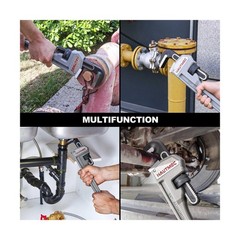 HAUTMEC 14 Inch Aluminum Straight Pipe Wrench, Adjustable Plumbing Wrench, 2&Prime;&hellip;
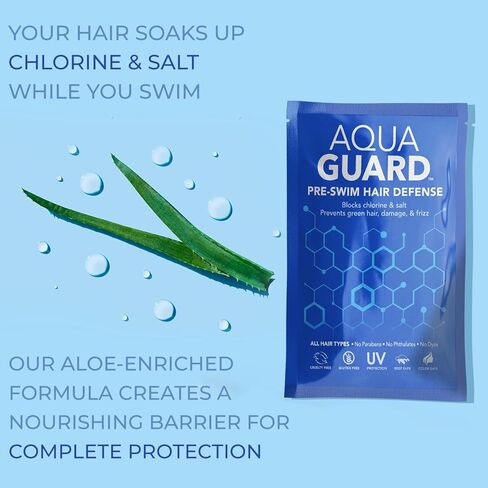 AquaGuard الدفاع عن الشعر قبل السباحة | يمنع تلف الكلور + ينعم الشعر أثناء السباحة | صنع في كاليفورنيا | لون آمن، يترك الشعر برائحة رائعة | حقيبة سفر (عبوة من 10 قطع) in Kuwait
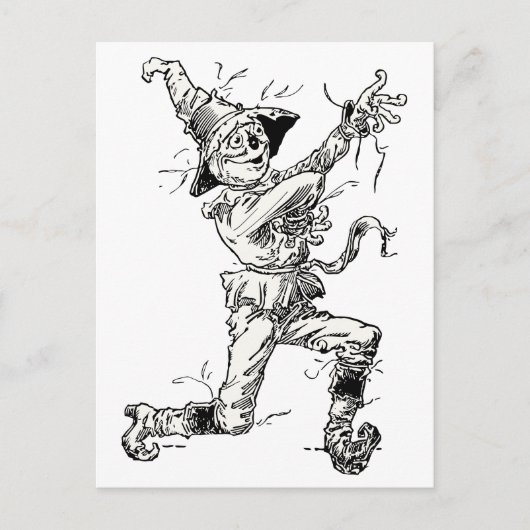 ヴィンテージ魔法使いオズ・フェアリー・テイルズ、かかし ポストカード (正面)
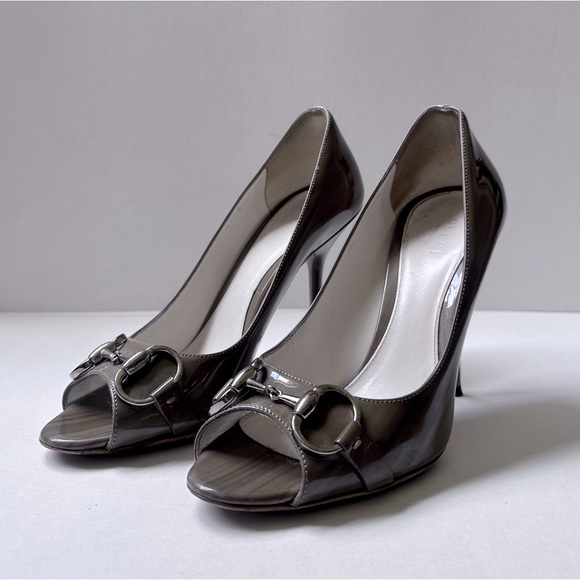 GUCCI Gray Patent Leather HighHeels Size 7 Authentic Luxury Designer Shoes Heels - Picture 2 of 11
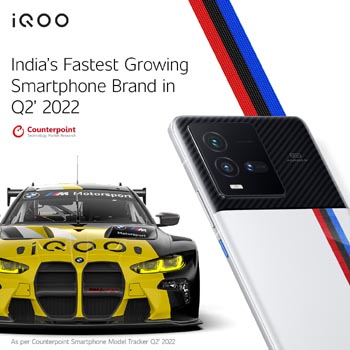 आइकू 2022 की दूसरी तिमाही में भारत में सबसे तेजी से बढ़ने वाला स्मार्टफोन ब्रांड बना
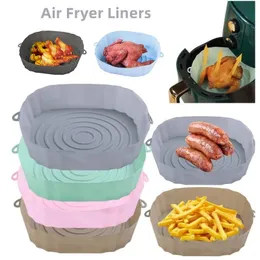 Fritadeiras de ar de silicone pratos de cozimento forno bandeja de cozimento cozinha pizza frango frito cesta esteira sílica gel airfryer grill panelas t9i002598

──────

- _Assignment_
Although the records above contain pictures, only their text is to be repeated, exactly as given.

- _Task result_
 HAUTMEC 14 Inch Aluminum Straight Pipe Wrench, Adjustable Plumbing Wrench, 2&Prime;&hellip;
 AquaGuard الدفاع عن الشعر قبل السباحة | يمنع تلف الكلور + ينعم الشعر أثناء السباحة | صنع في كاليفورنيا | لون آمن، يترك الشعر برائحة رائعة | حقيبة سفر (عبوة من 10 قطع) in Kuwait
 ヴィンテージ魔法使いオズ・フェアリー・テイルズ、かかし ポストカード (正面)
 GUCCI Gray Patent Leather HighHeels Size 7 Authentic Luxury Designer Shoes Heels - Picture 2 of 11
 आइकू 2022 की दूसरी तिमाही में भारत में सबसे तेजी से बढ़ने वाला स्मार्टफोन ब्रांड बना
 Fritadeiras de ar de silicone pratos de cozimento forno bandeja de cozimento cozinha pizza frango frito cesta esteira sílica gel airfryer grill panelas t9i002598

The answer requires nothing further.